The problem ::
Reproduce verbatim, line by line, everything from the line containing "Other Unknown Japanese" to the last line of the listing below; add nothing.

Dataset extract ::
===
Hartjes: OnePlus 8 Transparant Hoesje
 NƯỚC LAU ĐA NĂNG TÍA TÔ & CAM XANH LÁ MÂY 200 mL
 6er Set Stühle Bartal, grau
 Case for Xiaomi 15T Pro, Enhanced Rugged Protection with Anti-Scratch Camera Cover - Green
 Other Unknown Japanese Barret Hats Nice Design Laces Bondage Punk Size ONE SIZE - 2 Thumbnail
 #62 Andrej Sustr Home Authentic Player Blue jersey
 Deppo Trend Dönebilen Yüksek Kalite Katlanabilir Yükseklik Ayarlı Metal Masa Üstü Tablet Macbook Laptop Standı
===
Answer to this task ::
 Other Unknown Japanese Barret Hats Nice Design Laces Bondage Punk Size ONE SIZE - 2 Thumbnail
 #62 Andrej Sustr Home Authentic Player Blue jersey
 Deppo Trend Dönebilen Yüksek Kalite Katlanabilir Yükseklik Ayarlı Metal Masa Üstü Tablet Macbook Laptop Standı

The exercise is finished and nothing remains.